To do: Set down the data below word for word, and leave the images aside.

(The data begins)

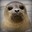 FrancisTehSeal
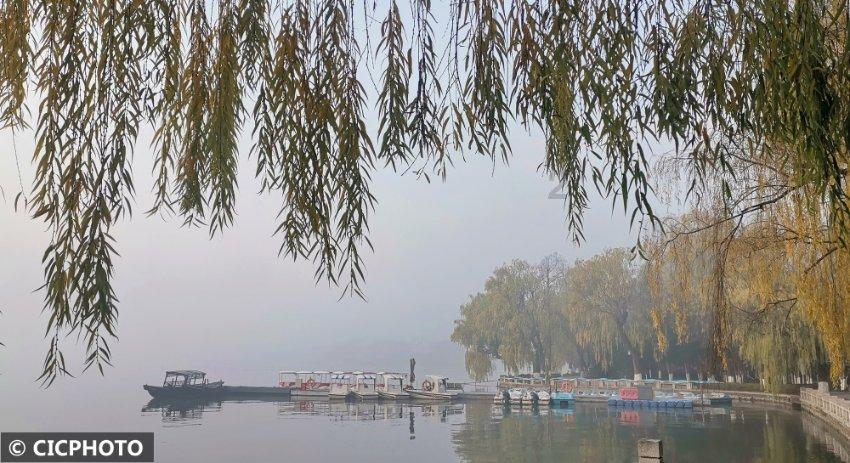 沪江开心词场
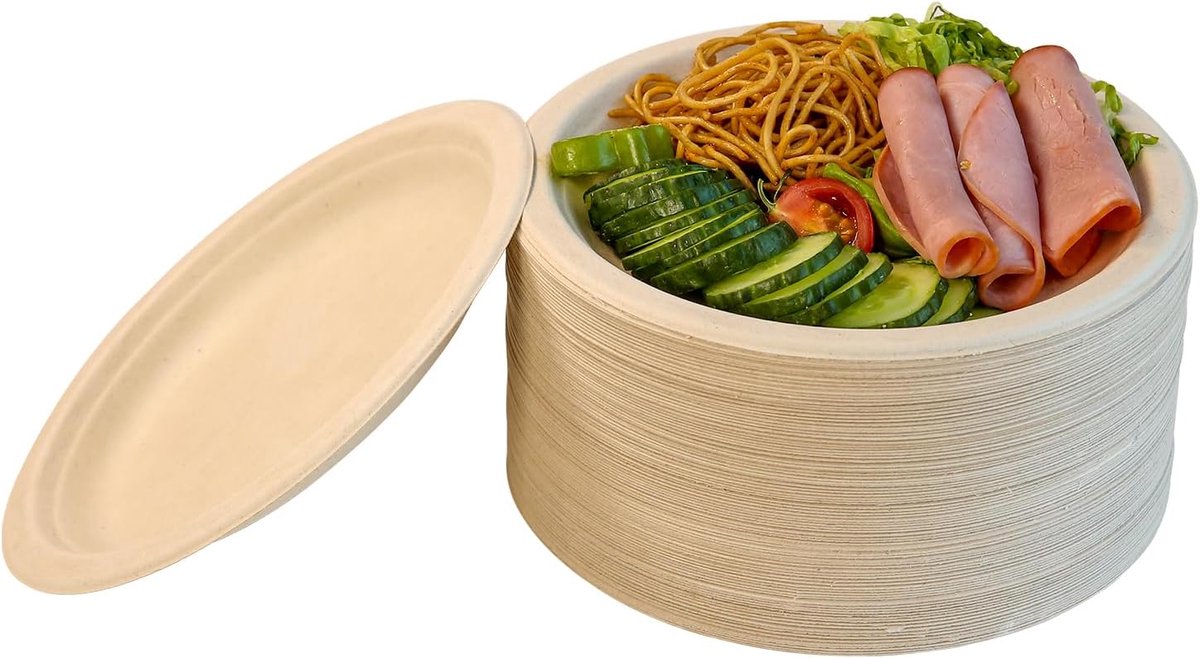 120 Composteerbare Papieren Bordjes van Bagasse - 15,2 cm - Bruin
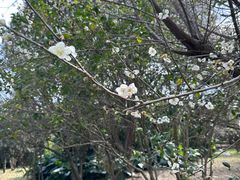 -福建鲤鱼洲酒店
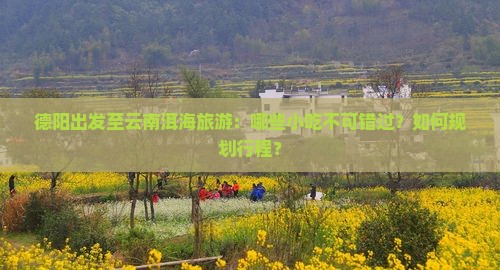 德阳到云南洱海旅游小吃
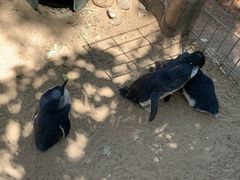 -费瑟代尔野生动物园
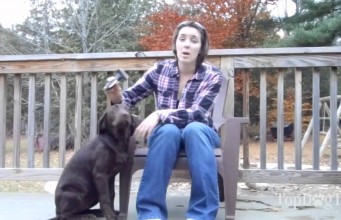 Review: Andis Premium Pet Deshedding Tool Review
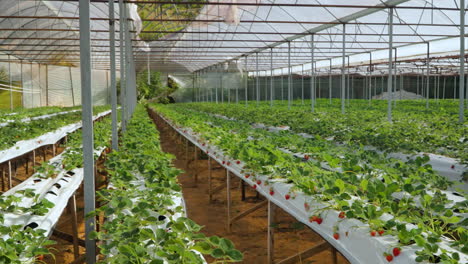 strawberry greenhouse with long rows of growing green plants with ripe berries - static handheld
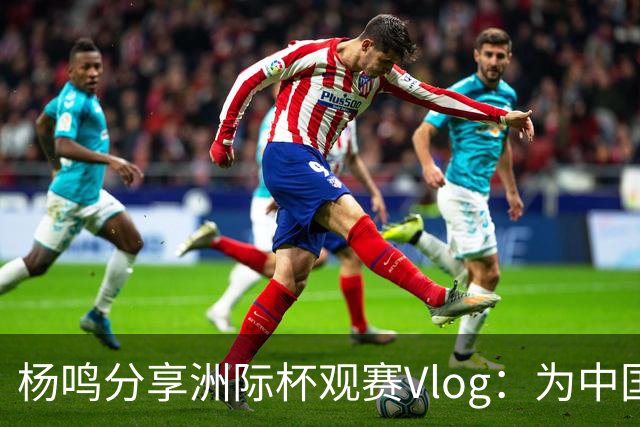 杨鸣分享洲际杯观赛Vlog：为中国篮球健康发展注入新动力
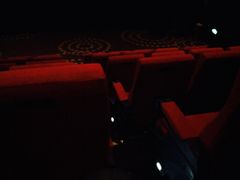 厅内-万达影城(保定万博广场激光IMAX店)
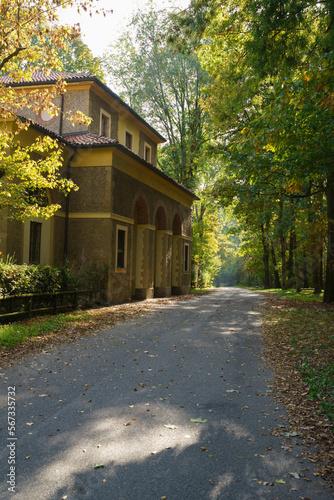 Autumn in the Monza Park  Italy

(The data ends)

Exercise solution:
 FrancisTehSeal
 沪江开心词场
 120 Composteerbare Papieren Bordjes van Bagasse - 15,2 cm - Bruin
 -福建鲤鱼洲酒店
 德阳到云南洱海旅游小吃
 -费瑟代尔野生动物园
 Review: Andis Premium Pet Deshedding Tool Review
 strawberry greenhouse with long rows of growing green plants with ripe berries - static handheld
 杨鸣分享洲际杯观赛Vlog：为中国篮球健康发展注入新动力
 厅内-万达影城(保定万博广场激光IMAX店)
 Autumn in the Monza Park  Italy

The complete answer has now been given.